- ABOUT THIS TASK
When you reach the line in the listing below that contains "une chambre avec", begin returning lines exactly as written, and stop after the line that contains "and health 123775668". Return no other lines.

==============================

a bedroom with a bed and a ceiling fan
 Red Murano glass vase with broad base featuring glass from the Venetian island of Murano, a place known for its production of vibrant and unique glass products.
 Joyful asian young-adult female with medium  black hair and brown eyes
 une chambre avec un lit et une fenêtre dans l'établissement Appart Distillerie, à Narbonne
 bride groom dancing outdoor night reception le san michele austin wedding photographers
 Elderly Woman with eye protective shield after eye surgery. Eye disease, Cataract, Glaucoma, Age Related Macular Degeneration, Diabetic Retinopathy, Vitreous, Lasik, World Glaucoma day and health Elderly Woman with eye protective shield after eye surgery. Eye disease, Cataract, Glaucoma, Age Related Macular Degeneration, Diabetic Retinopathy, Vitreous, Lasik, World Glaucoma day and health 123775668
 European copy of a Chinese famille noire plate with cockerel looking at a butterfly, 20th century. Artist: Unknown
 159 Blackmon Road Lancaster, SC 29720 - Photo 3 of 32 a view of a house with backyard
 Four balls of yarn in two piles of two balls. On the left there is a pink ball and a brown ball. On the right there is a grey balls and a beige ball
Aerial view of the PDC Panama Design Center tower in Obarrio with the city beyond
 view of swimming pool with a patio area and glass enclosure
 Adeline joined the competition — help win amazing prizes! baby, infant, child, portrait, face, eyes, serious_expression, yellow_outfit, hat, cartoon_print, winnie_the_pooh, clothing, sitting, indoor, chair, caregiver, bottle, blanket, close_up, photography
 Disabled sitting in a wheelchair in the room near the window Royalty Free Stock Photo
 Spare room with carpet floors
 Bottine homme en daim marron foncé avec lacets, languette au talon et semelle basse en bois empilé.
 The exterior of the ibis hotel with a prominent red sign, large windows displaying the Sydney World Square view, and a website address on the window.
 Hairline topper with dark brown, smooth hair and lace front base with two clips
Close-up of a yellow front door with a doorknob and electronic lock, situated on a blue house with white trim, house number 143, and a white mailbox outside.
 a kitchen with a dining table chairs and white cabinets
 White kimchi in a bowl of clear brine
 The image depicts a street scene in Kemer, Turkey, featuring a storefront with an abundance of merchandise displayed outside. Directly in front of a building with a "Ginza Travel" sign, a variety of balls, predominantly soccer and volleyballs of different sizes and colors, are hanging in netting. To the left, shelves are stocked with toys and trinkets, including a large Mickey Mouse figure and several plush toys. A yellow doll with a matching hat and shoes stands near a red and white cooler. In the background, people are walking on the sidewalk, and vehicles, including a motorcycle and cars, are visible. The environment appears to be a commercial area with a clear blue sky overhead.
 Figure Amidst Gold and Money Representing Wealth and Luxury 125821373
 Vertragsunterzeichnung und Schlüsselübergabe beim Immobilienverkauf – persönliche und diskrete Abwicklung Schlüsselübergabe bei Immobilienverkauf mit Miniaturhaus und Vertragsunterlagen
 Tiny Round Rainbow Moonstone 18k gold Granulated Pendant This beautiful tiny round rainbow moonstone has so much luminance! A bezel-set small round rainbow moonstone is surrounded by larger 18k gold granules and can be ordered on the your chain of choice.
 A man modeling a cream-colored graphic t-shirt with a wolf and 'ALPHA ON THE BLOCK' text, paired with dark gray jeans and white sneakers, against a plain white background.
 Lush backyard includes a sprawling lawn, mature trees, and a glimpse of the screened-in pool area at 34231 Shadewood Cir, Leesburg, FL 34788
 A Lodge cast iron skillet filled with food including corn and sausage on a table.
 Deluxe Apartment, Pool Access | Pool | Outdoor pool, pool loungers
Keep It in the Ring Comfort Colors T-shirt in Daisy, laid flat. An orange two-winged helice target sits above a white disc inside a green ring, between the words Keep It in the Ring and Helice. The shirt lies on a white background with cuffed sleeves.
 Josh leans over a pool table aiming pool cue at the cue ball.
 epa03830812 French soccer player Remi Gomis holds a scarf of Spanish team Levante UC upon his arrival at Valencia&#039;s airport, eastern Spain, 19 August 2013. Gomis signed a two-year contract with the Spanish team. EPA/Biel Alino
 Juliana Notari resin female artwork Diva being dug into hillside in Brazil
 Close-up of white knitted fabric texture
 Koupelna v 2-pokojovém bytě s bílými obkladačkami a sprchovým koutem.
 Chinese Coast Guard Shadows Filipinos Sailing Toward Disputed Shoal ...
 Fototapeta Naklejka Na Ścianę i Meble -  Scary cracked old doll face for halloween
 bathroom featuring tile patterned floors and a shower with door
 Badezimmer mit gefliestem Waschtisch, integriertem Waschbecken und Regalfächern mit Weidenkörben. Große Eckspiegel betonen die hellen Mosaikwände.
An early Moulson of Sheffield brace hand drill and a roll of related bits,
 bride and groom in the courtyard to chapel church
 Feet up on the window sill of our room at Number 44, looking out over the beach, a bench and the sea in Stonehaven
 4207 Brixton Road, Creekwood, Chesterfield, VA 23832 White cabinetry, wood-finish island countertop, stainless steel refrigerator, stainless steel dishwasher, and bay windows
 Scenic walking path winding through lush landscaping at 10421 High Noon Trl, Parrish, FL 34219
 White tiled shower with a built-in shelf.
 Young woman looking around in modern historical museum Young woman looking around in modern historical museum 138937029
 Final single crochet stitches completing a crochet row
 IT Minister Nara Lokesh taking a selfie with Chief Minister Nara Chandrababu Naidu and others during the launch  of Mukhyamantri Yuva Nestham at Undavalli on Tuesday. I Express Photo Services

==============================

- TASK OUTPUT
 une chambre avec un lit et une fenêtre dans l'établissement Appart Distillerie, à Narbonne
 bride groom dancing outdoor night reception le san michele austin wedding photographers
 Elderly Woman with eye protective shield after eye surgery. Eye disease, Cataract, Glaucoma, Age Related Macular Degeneration, Diabetic Retinopathy, Vitreous, Lasik, World Glaucoma day and health Elderly Woman with eye protective shield after eye surgery. Eye disease, Cataract, Glaucoma, Age Related Macular Degeneration, Diabetic Retinopathy, Vitreous, Lasik, World Glaucoma day and health 123775668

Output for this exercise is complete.